● Action item
Exclude all pictures. Then restate, word for word, the entries from the first line through the line that contains "Black & white".

|---|

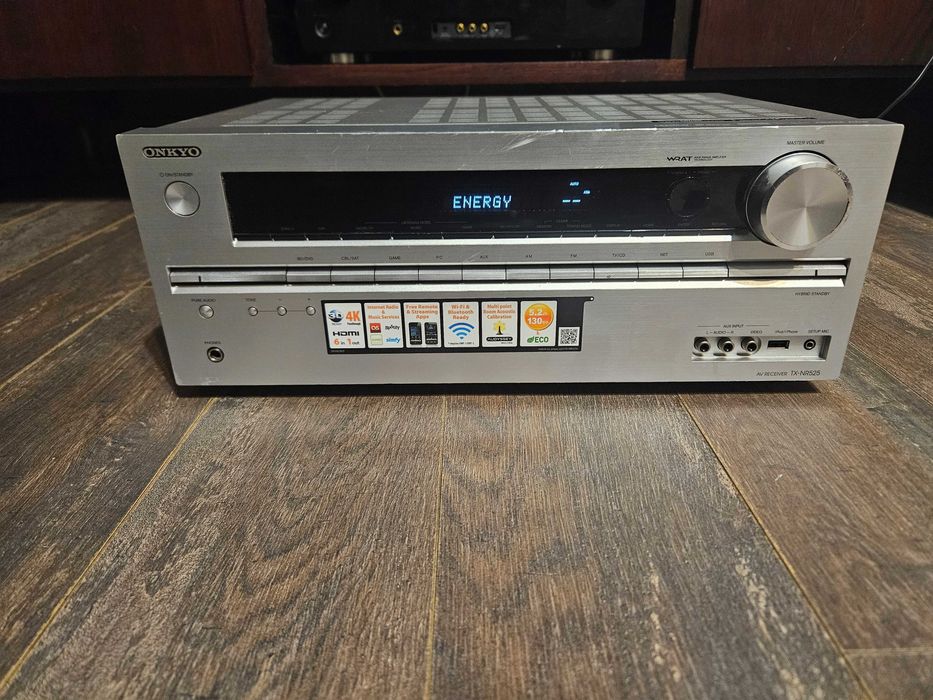 Продавам  Onkyo TX-NR525  5.2 канален 3D ресивър за домашно кино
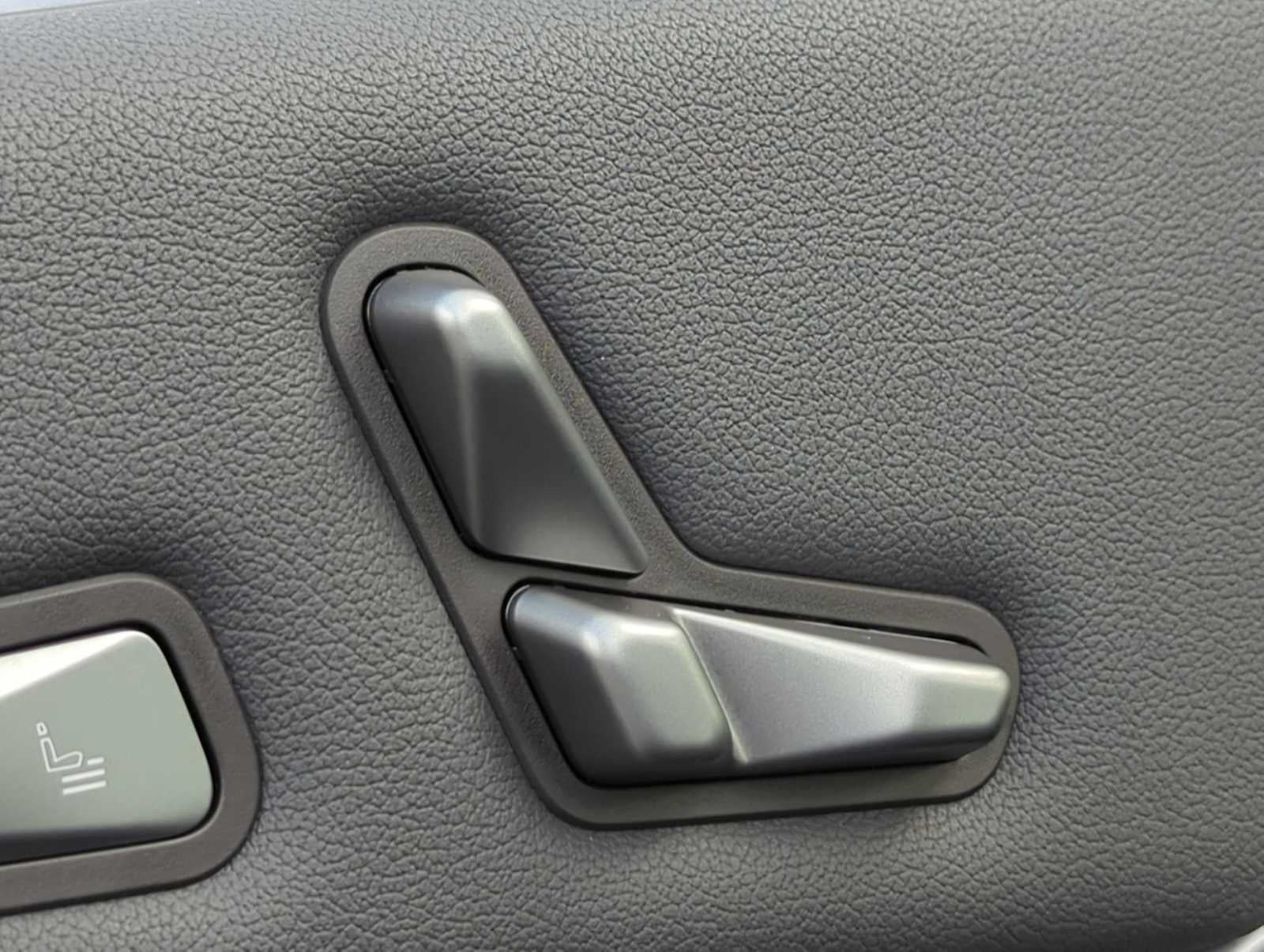 2026 BMW iX xDrive60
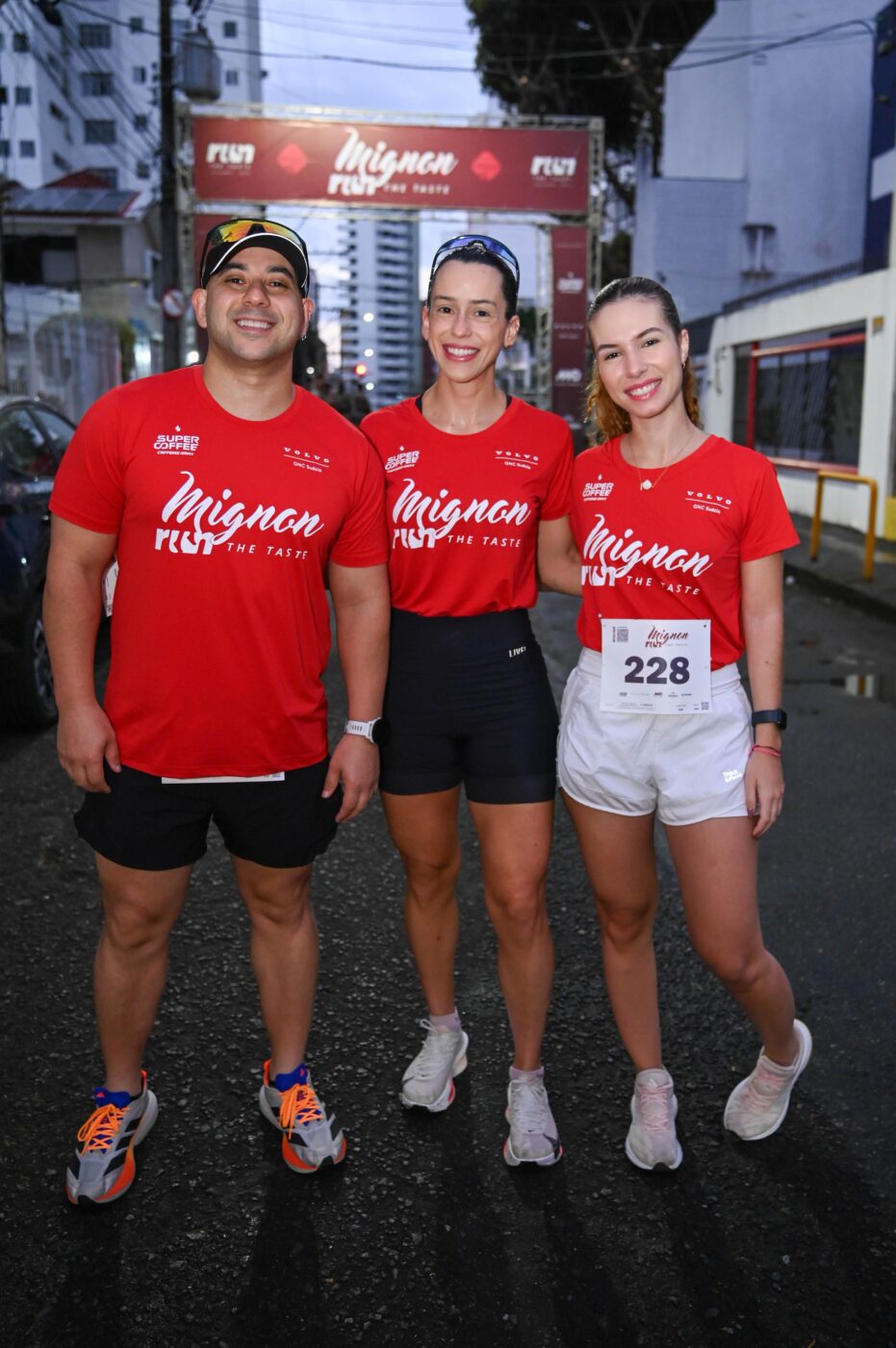 Adriano Moreira, Ana Clara Teixeira e Júlia Garcia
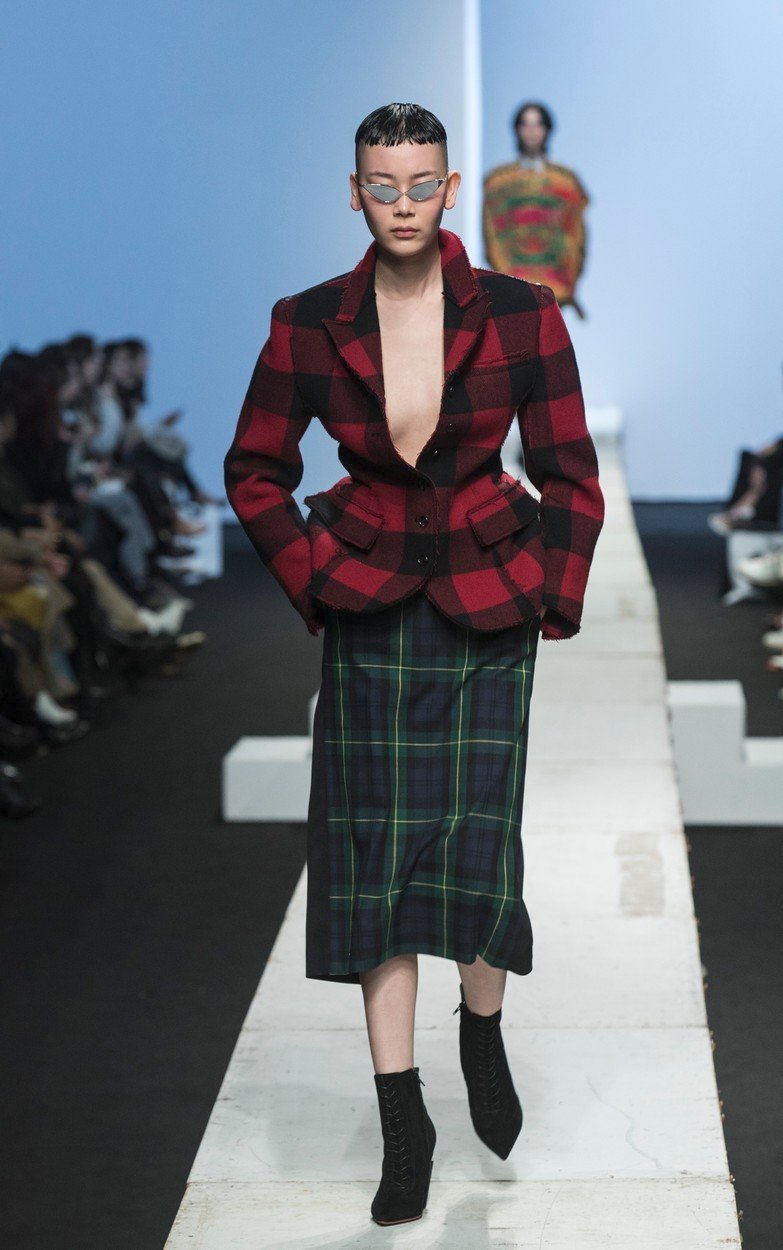 Model na módní přehlídce návrháře Hera Seoul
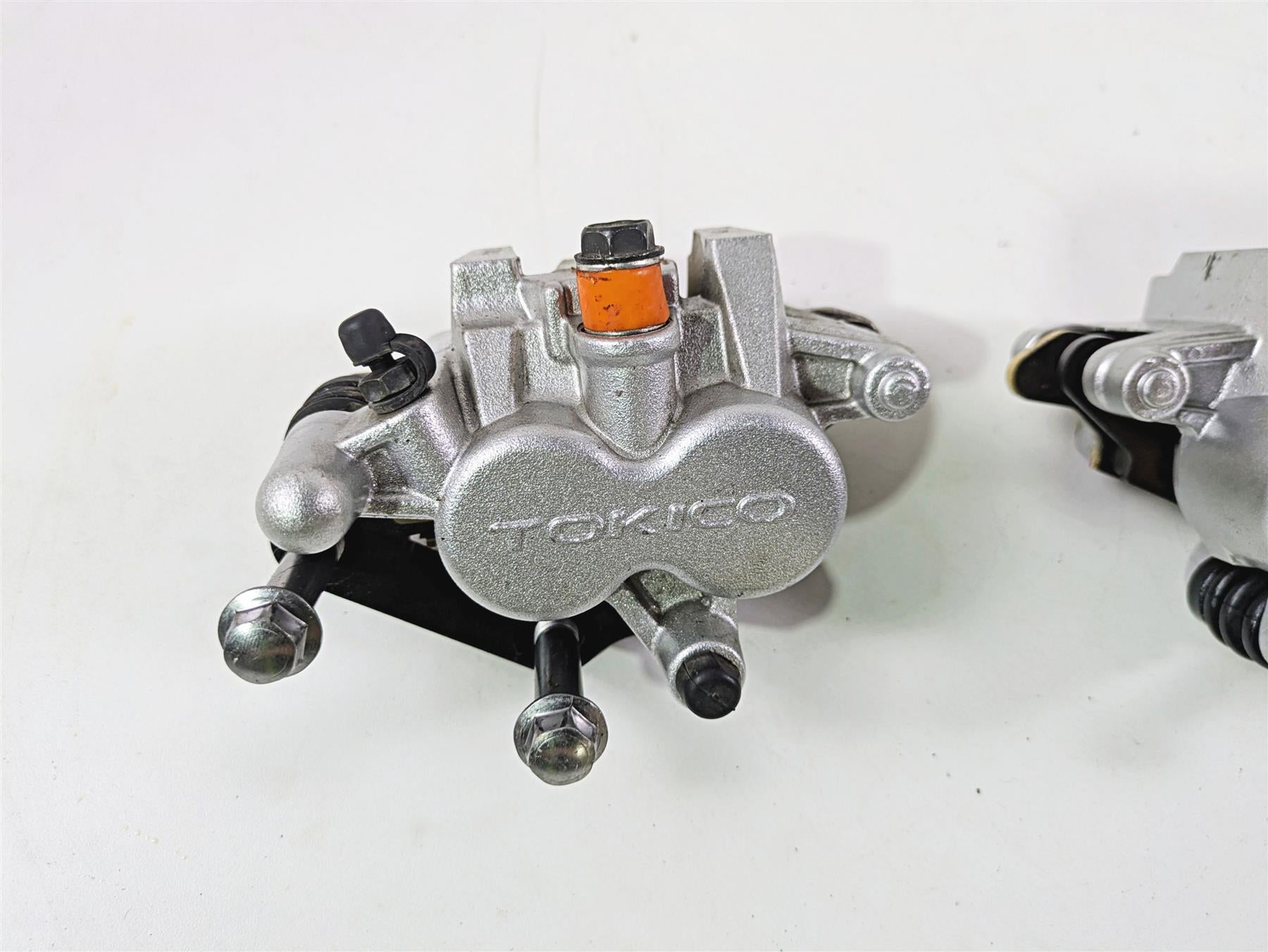 2008 Kawasaki VN1600 Vulcan Nomad Tokico Front Brake Caliper Set 43044-1115 {{ shop.shopifyCountryName }} - Mototech271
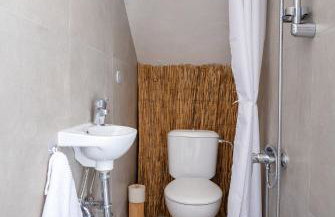 Central, Calm with Courtyard - Foto 20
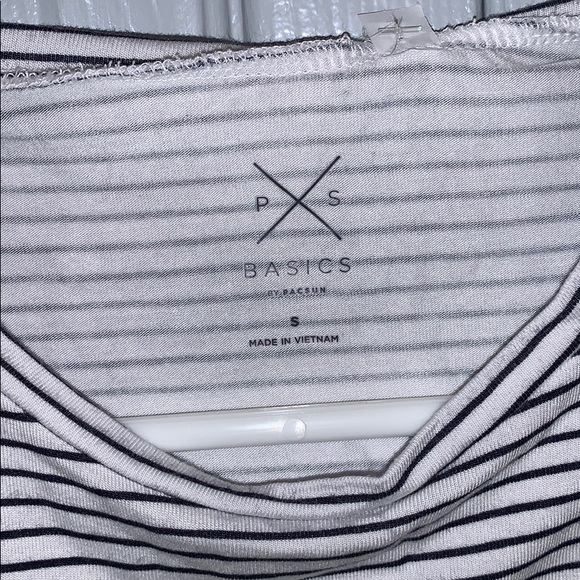 Black & white striped lettuce edged cropped tshirt - Picture 2 of 4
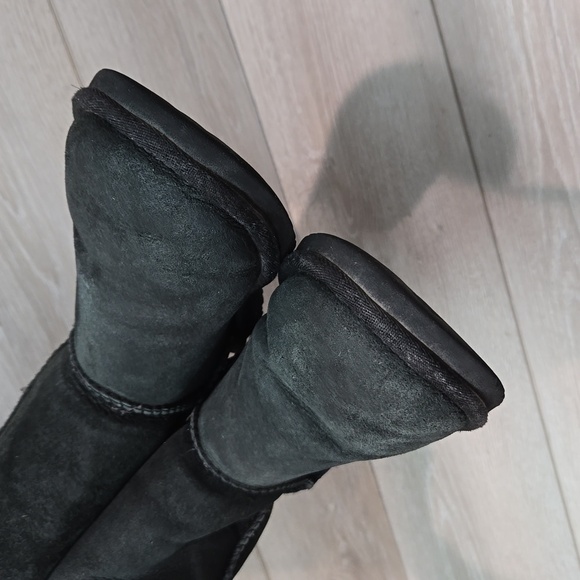 Ugg Australia Women 5825 Leather Sheepskin Boots shoes sz 6 - Picture 3 of 13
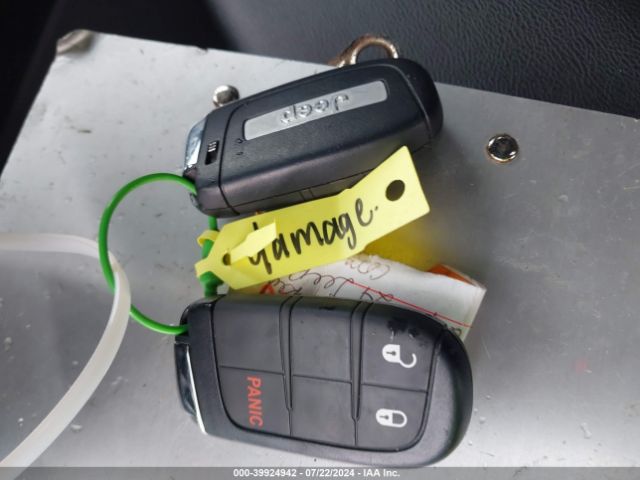 3C4NJDBN7RT597098 Jeep Compass Latitude 4x4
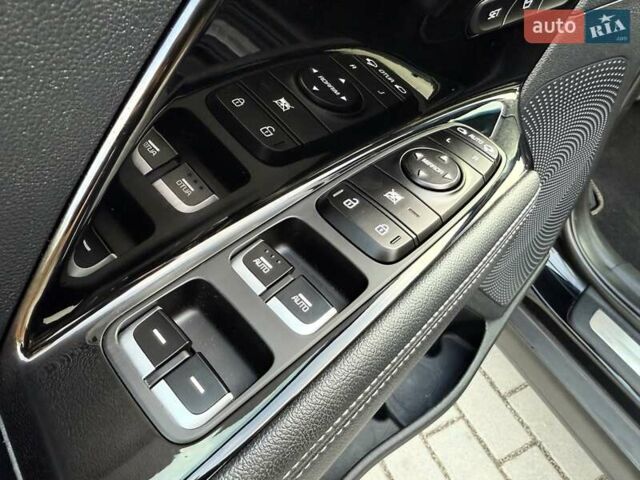 Черный Киа Niro, объемом двигателя 0 л и пробегом 89 тыс. км за 19350 $, фото 42 на Automoto.ua
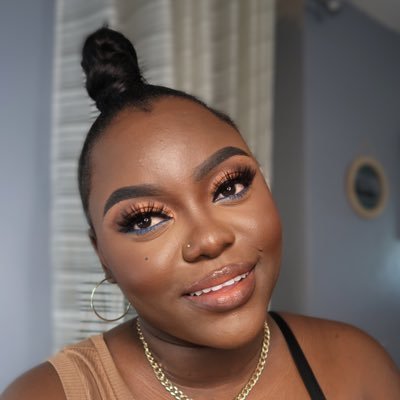 veebeauti's profile picture. UGC creator / beauty/ lifestyle content creator  business email :veebeautislays@gmail.com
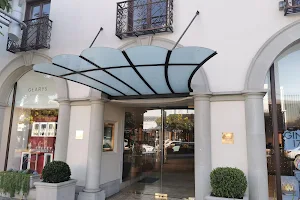 GEARYS Beverly Hills - Flagship Store image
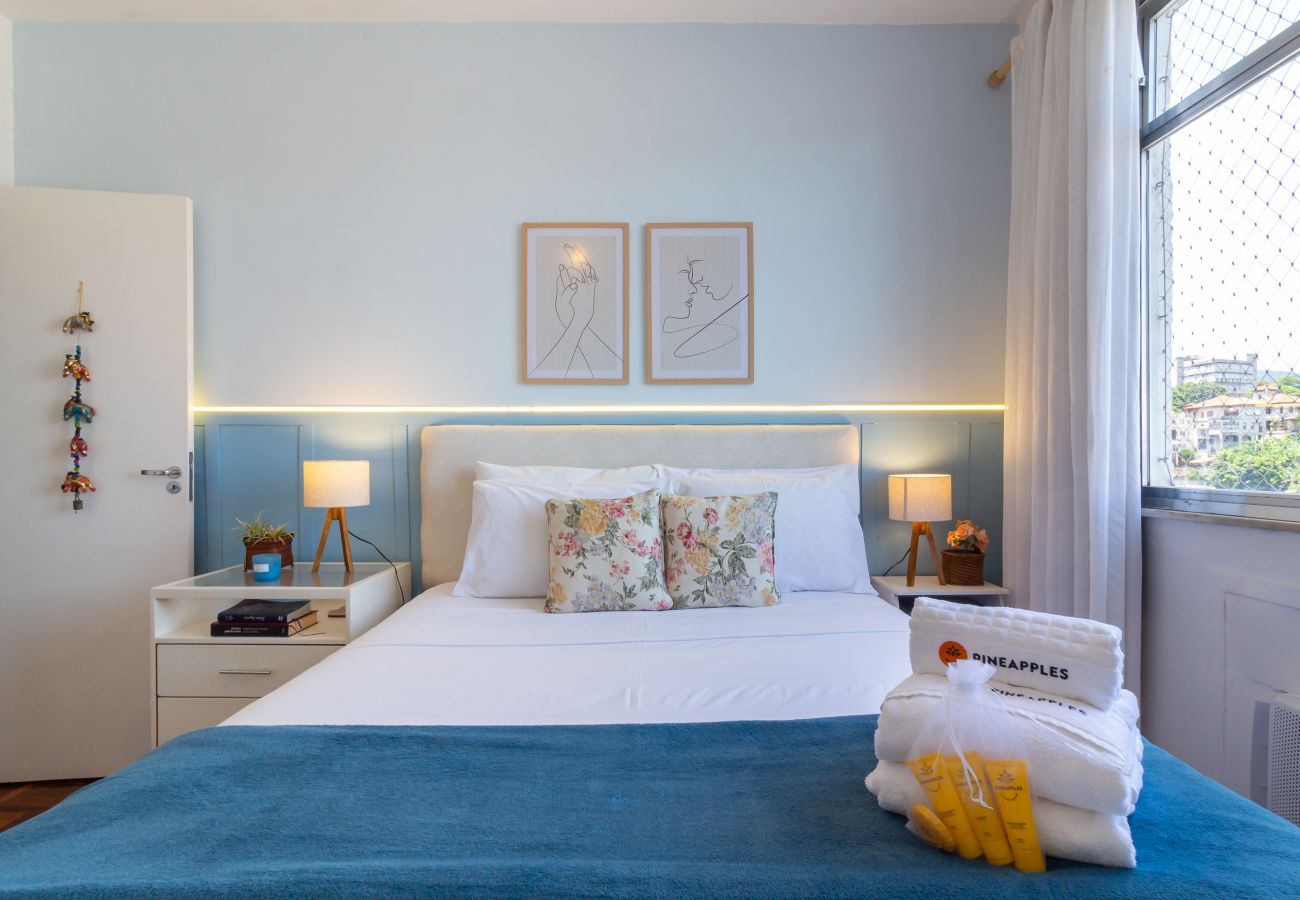 Apartamento em Rio de Janeiro - 4 minutos do Arcos da Lapa | SR1502  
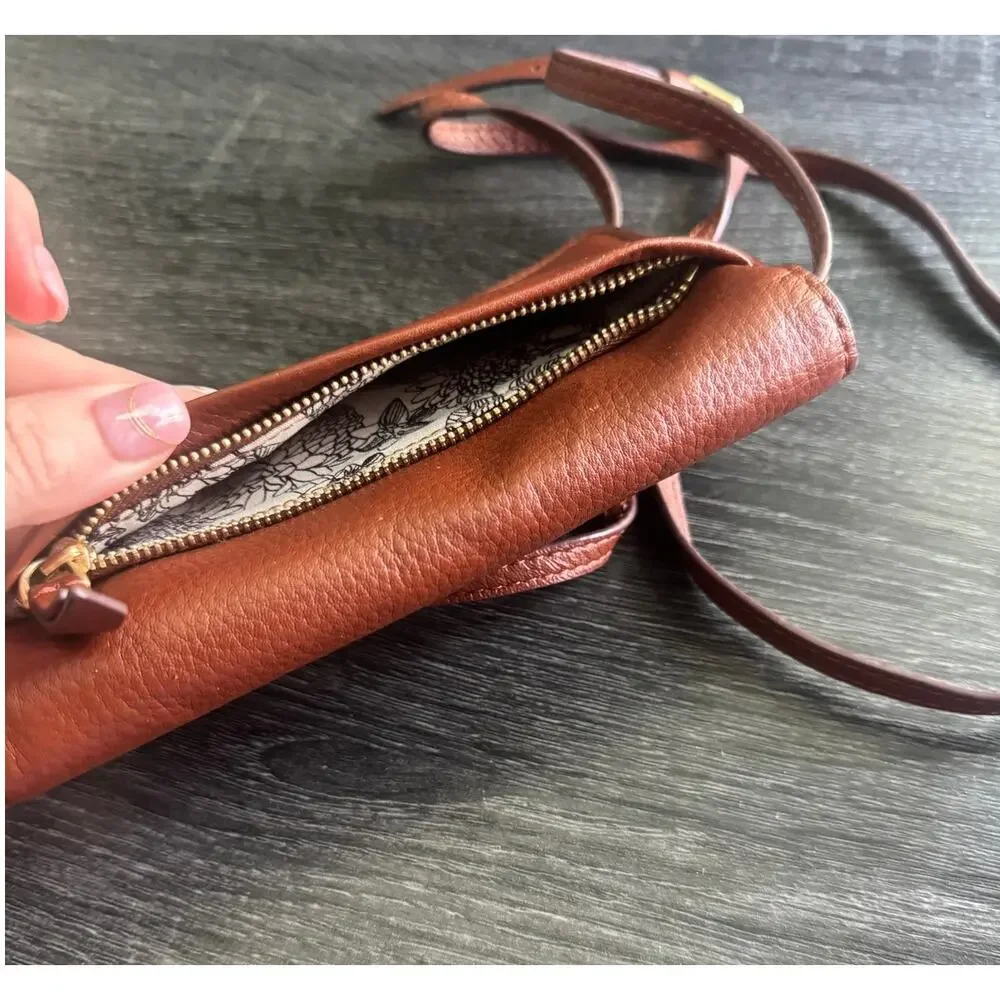 Vera Bradley Brown Leather Small Crossbody Wallet Removable‎ Strap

|---|

● Solution to this task
 Продавам  Onkyo TX-NR525  5.2 канален 3D ресивър за домашно кино
 2026 BMW iX xDrive60
 Adriano Moreira, Ana Clara Teixeira e Júlia Garcia
 Model na módní přehlídce návrháře Hera Seoul
 2008 Kawasaki VN1600 Vulcan Nomad Tokico Front Brake Caliper Set 43044-1115 {{ shop.shopifyCountryName }} - Mototech271
 Central, Calm with Courtyard - Foto 20
 Black & white striped lettuce edged cropped tshirt - Picture 2 of 4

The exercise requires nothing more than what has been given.